My kids have complex SEN. Fortunately, the SEN they have is one for which specialist teaching exists, and outcomes can be pretty good with the right support.
But Ofsted don't employ any of these specialist teachers as inspectors. So in terms of reliability, Ofsted reports tend to rank somewhere below the David Icke website for us. Once Ofsted start to send inspectors to my kids' schools who know something about this specific SEN - and once they send inspectors who are actually capable of communicating with the pupils - then I'll think again.

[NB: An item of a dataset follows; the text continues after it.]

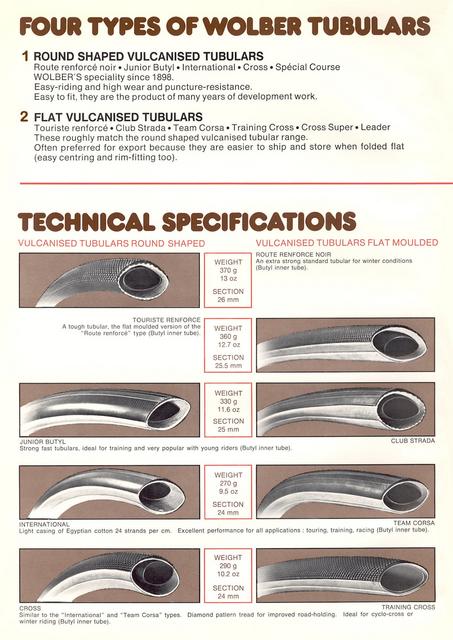 Wolber catalog (04-1978)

When I used to look at the reports, the first thing I did was check the professional background of the inspectors who produced the last report for the school I'm looking at. Ofsted publish some (limited) data - here
Most of the time, this data makes for depressing reading, even for mainstream school inspections. For example, the lead Ofsted inspector who assessed our local primary was someone who last taught psychology at a sixth form college. In the 1990s. You'll find inspectors assessing 1,500+ inner-city comprehensive schools whose last experience of headship was a village primary. Sometimes, they send the right people to the right school. But not always.

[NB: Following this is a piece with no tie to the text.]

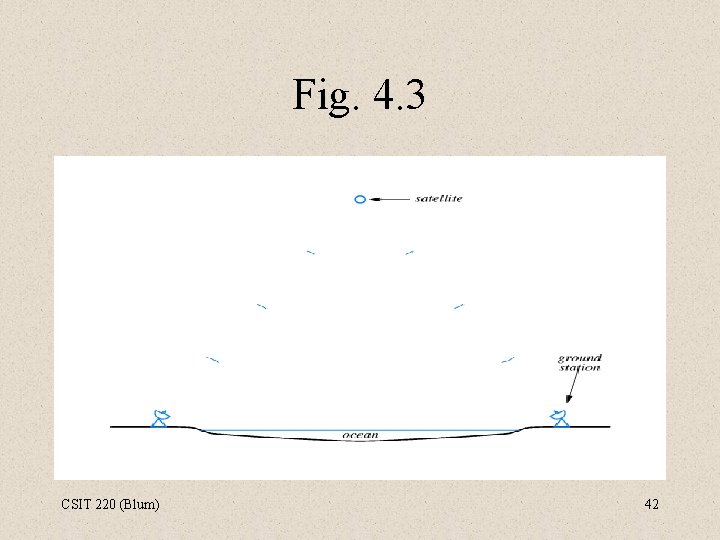 Fig. 4. 3 CSIT 220 (Blum) 42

Also, the number of inspectors who play both sides of the street is depressing. A large number of inspectors also work freelance as education consultants, selling services to schools, academy trusts and LAs. One day, an individual like this can be inspecting a school for Ofsted. The next day, they can be telling a school how to make itself 'Ofsted-ready.' Somehow, Ofsted don't consider this conflict of interest to be a problem. There is a system of self-declaration of interest, but Ofsted won't say how often or carefully they pro-actively investigate.